(Scraped caption text data)
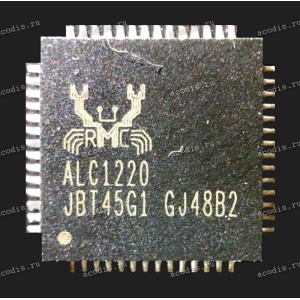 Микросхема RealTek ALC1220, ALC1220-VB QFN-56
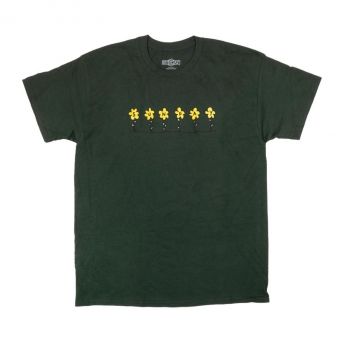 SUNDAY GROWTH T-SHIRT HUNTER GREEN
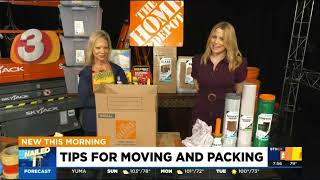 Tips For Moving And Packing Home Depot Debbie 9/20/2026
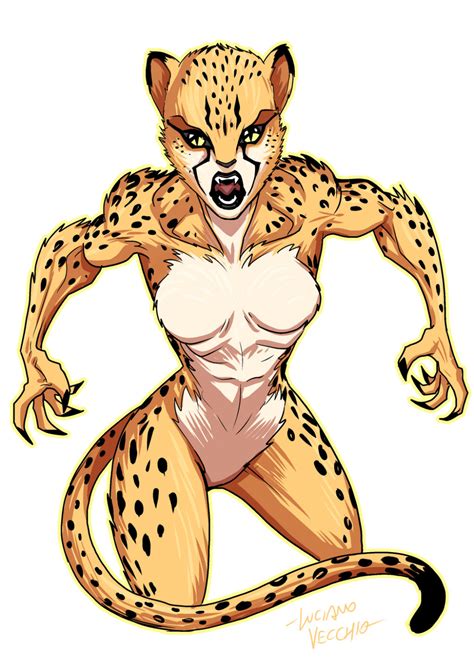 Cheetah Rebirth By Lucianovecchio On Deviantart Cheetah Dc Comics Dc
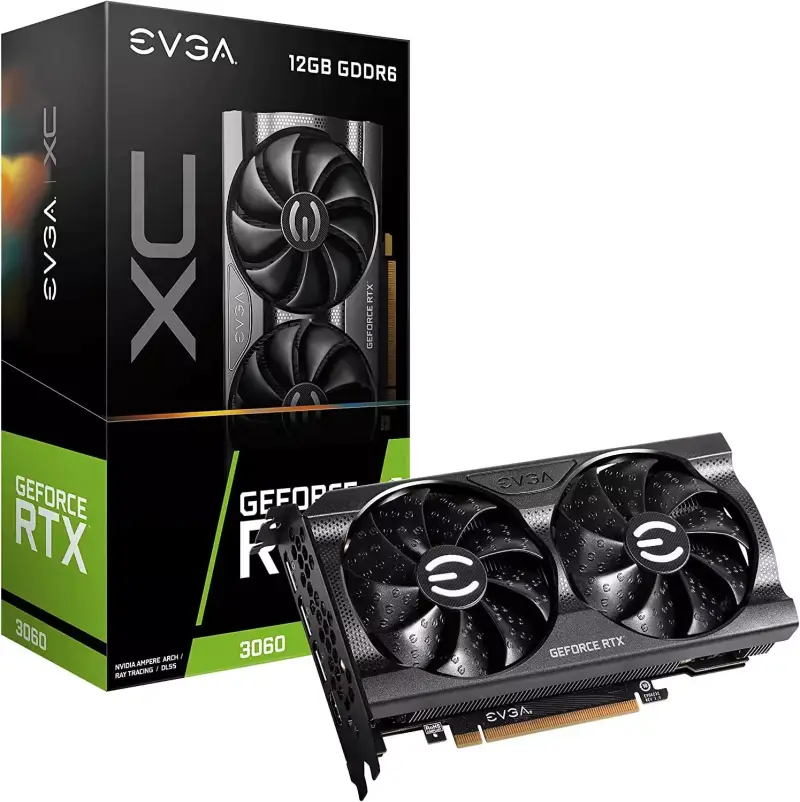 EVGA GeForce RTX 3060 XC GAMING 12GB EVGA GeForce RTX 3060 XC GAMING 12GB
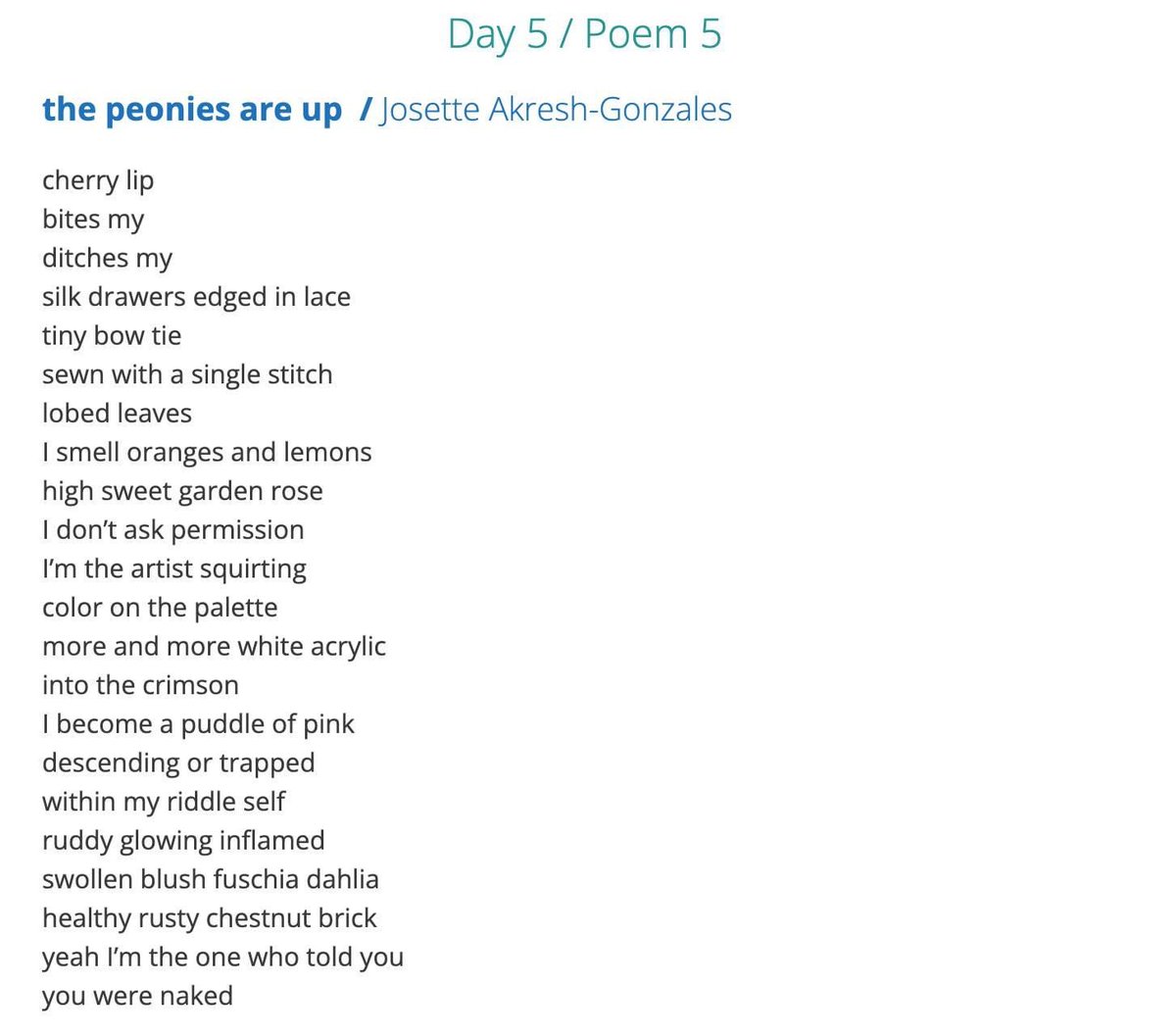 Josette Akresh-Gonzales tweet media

# Your goal
The expected result is the data above in exact form, free of pictures.

# Answer
 Микросхема RealTek ALC1220, ALC1220-VB QFN-56
 SUNDAY GROWTH T-SHIRT HUNTER GREEN
 Tips For Moving And Packing Home Depot Debbie 9/20/2026
 Cheetah Rebirth By Lucianovecchio On Deviantart Cheetah Dc Comics Dc
 EVGA GeForce RTX 3060 XC GAMING 12GB EVGA GeForce RTX 3060 XC GAMING 12GB
 Josette Akresh-Gonzales tweet media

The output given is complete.